◆ TASK DESCRIPTION
Look through the records, and wherever the string "skin" turns up, copy out that line.

◆ PROVIDED ENTRIES
___
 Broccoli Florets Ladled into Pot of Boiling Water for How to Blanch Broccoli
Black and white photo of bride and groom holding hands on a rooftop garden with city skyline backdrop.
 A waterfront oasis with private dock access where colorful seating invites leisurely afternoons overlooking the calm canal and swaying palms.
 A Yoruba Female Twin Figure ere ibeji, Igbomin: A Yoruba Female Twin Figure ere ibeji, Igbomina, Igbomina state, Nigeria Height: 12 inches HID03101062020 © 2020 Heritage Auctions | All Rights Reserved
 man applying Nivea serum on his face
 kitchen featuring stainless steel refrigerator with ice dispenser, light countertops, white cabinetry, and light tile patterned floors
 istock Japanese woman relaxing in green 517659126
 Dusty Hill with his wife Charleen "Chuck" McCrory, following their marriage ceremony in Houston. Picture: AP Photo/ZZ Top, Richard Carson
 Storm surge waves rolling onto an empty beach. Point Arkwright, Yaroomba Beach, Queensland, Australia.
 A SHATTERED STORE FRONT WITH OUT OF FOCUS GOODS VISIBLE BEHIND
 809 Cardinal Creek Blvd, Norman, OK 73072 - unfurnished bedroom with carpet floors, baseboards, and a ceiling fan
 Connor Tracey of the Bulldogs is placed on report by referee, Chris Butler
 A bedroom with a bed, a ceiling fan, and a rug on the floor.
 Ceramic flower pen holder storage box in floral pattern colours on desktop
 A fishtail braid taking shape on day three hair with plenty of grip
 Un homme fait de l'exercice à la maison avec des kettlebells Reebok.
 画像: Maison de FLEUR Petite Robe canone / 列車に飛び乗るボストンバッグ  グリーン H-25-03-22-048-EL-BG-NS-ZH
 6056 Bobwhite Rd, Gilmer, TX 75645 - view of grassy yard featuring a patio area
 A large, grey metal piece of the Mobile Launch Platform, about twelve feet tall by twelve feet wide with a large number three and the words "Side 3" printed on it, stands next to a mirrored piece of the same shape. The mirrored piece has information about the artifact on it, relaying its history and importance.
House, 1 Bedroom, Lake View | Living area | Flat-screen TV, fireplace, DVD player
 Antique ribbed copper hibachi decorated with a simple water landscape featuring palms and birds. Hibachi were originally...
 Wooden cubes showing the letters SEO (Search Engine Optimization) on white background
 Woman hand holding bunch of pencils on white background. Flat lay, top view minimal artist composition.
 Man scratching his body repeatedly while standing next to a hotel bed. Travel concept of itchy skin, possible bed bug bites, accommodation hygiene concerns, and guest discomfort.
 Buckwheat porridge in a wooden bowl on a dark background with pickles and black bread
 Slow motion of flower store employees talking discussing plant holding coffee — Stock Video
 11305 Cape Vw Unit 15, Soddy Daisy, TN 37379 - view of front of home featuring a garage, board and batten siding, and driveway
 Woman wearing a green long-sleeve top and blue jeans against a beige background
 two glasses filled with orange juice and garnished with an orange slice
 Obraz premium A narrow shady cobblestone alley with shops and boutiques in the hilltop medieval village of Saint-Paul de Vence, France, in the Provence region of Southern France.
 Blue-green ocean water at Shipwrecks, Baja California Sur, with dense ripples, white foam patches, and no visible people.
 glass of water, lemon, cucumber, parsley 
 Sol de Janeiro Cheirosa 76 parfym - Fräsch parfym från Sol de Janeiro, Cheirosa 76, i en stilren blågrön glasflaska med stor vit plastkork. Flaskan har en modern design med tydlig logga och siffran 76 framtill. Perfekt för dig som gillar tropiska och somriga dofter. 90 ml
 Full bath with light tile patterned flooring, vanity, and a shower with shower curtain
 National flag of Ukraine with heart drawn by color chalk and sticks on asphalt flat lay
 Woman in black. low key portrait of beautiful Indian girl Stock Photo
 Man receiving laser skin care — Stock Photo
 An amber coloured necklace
___
◆ THE ANSWER
 Man scratching his body repeatedly while standing next to a hotel bed. Travel concept of itchy skin, possible bed bug bites, accommodation hygiene concerns, and guest discomfort.
 Man receiving laser skin care — Stock Photo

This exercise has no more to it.